Trudolyubov recognizes that the immense problem Russia now faces with its seemingly disastrous invasion of Ukraine is one borne of complacency, of those Russians with an independent voice not taking the complete dissolution of their public sphere seriously and allowing one man with such power to inhabit an imaginary bubble world of constant yes-men, unconstrained, allowing them to inhabit a fake world that now threatens not only to inflict immeasurable damage on Ukraine, but possibly the rest of the world (including Russia itself) as well. He writes unsparingly of the danger Putin’s cynicism and warped, insular worldview has created: “Someone who has convinced themselves that everything can be bought and sold, that society can be occupied, subjugated, and replaced by their own personal reality, paid for by them, has led not only our country but also the world to the brink of disaster.”
He not only believed in the reality he had bought, but he also made it the basis for action in the real world.
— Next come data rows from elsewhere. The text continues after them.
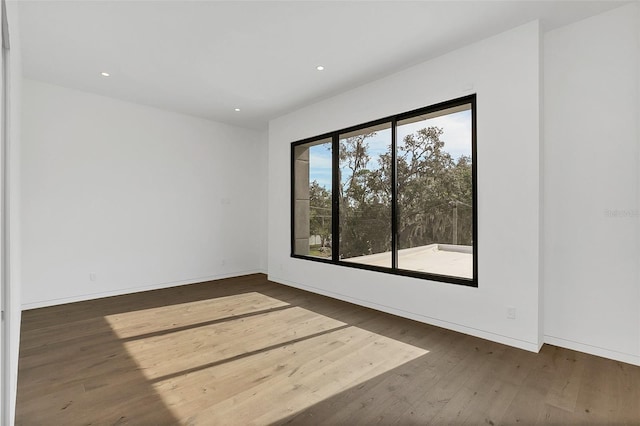 spare room with dark wood-type flooring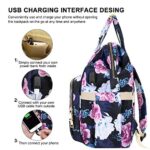 VSNOON Laptop Backpack for Women, 15.6 Inch College School Backpack with USB Charging Port, Water Resistant Laptop Backpack for Travel/Work/Girls/Nurse/Teacher (Flower6)
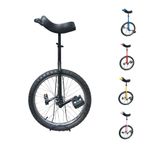 TCUDCKI Unicycle for Adults Adjustable Seat with Unicycle Stand for Fun Fitness Exercises Balance Training Circus Performances (Black, 20")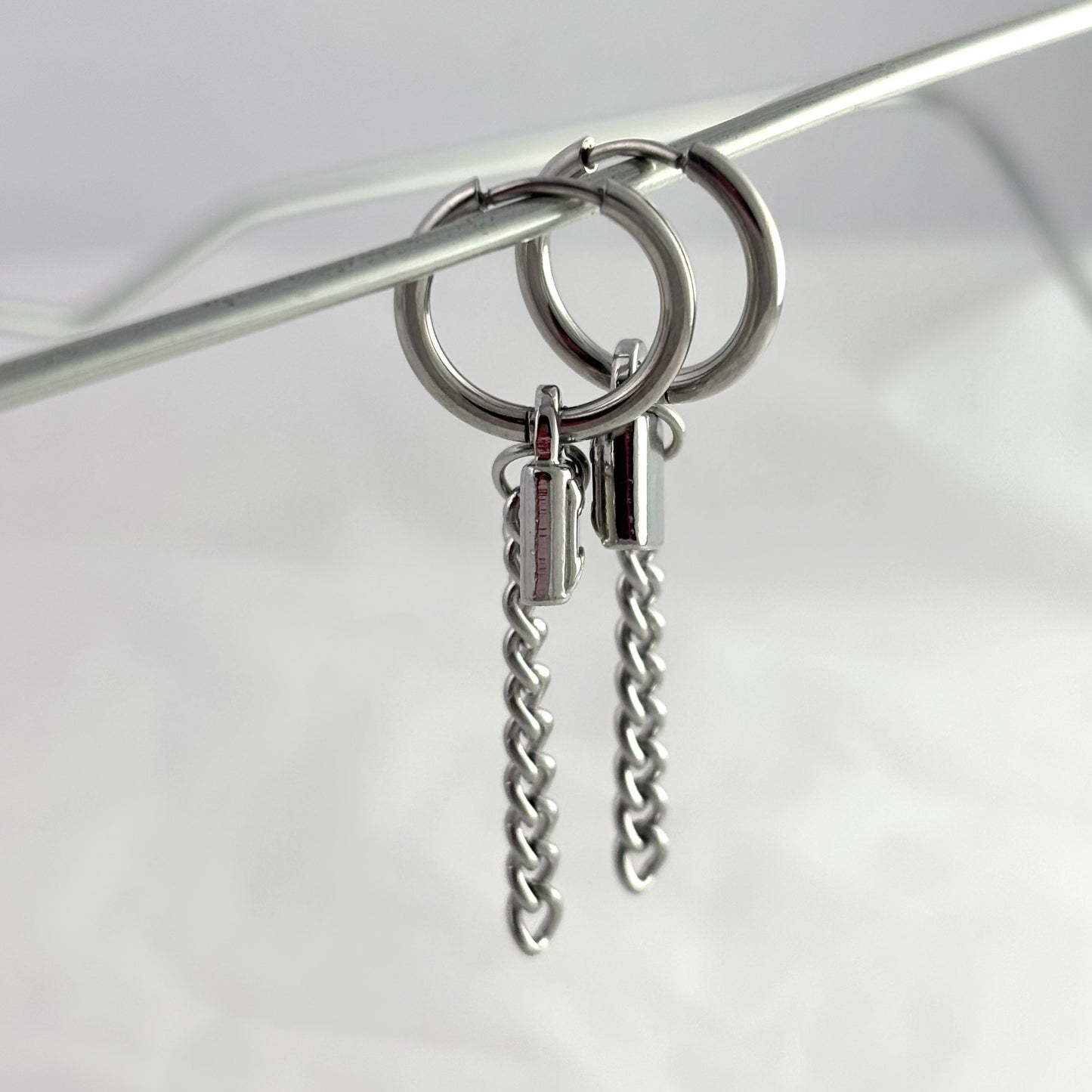 Customized Titanium Small Lock Tassel Earrings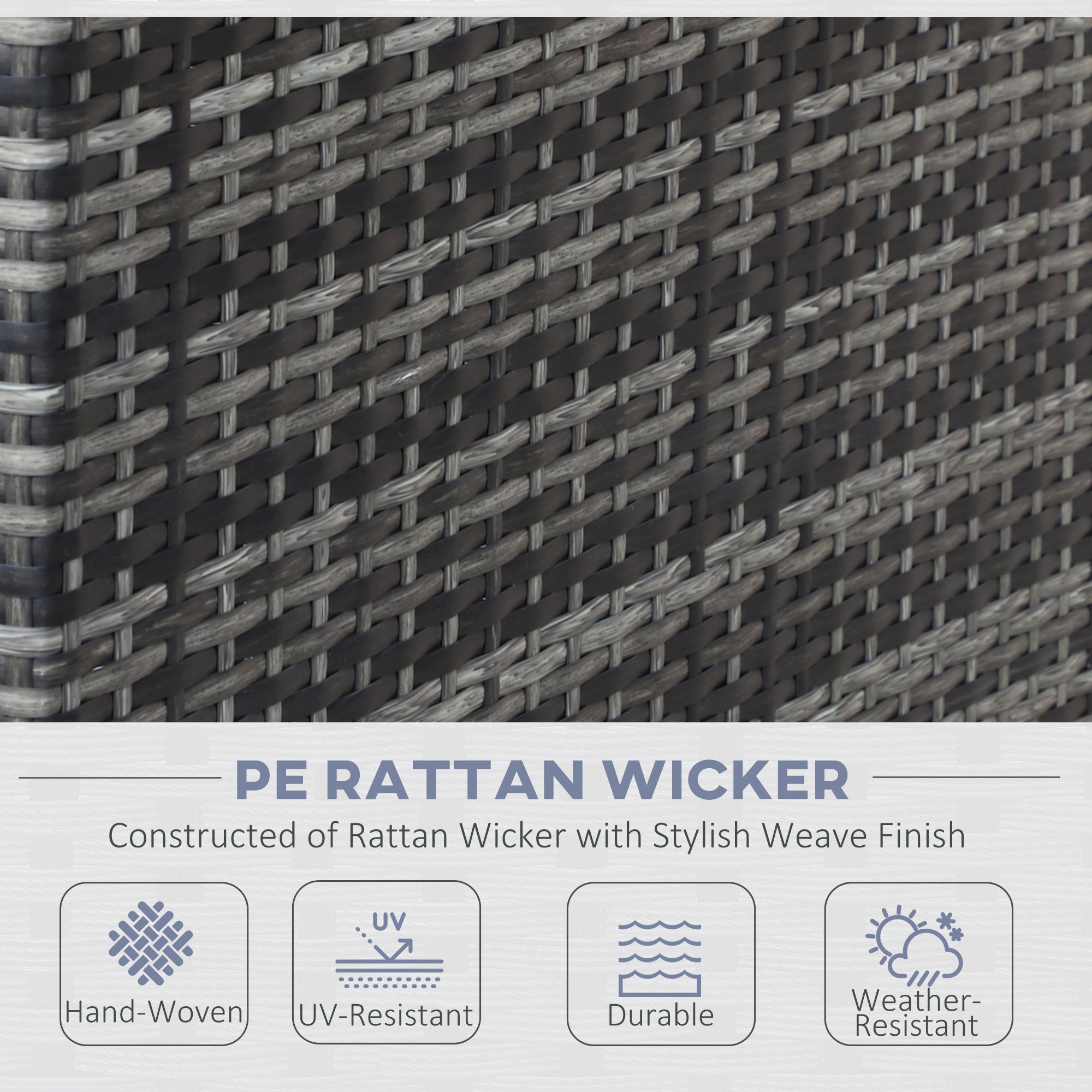 Kozy 4pc Garden Rattan Wicker Outdoor Furniture Patio Corner Sofa Love Seat and Table Set  with Cushions Side Desk Storage, Mixed Grey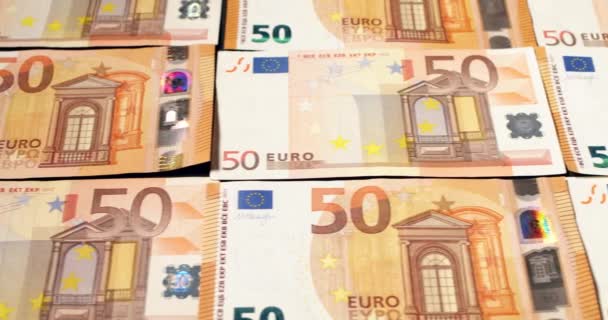 Fondo Euros Billetes Euros Como Fondo Moneda Del Euro — Vídeo de stock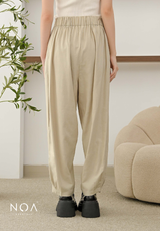 ICHIKA Basic Linen Balloon Ankle Pants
Today, it is clear that his plan to conduct a short military operation in a “brotherly nation” was based on a fiction that he authored himself. Apparently, he expected that the use of force by a “real” state — that is, “his” state — would lead to the collapse of the “non-real” state of Ukraine….He thought that everyone would believe in Ukrainian “Nazis” and his liberation mission. He assumed, probably based on assurances from his yes-men, that Russia was ready for war and sanctions.
In this country we are, after two years, barely emerging from the consequences of a pandemic that likely took twice as many lives as it should have, all due to an identical mentality, with a corrupt executive surrounding himself with and only listening to those who agreed with him, living in a fictional “bubble world” of bogus information and pseudo-science spun for him by advisors and media sycophants. We were provided, for example, with a former Labradoodle breeder and pharma lobbyist to coordinate the response to the worst viral pandemic in over a century. We were treated to quacks like Scott Atlas and addled theocrats like Robert Redfield informing the federal policy that fashioned that response. And at the top of it all was Donald Trump, advising Americans from his all-knowing bubble to drink bleach, take phony cures, and eschew common-sense preventative health measures, all with predictably outsized lethal results.
While its harrowing death toll (approaching one million, thus far) may have lacked the dramatic intensity and fury of a hot war, that didn’t make the COVID-19 pandemic any less deadly for those who were victimized by the Trump policies that exacerbated it. Those policies were reinforced over and over again not only by Trump’s appointees in government but by the entire Republican party apparatus that echoed and amplified his directives in states where they exerted control.
And all of those unnecessary deaths in the U.S. were ultimately caused by a grotesque fealty by Republicans to a deluded, power-hungry egomaniac, one wholly divorced from reality, who—just like Putin is doing now—deliberately and cynically chose to believe his own lies, in the face of overwhelming evidence to the contrary.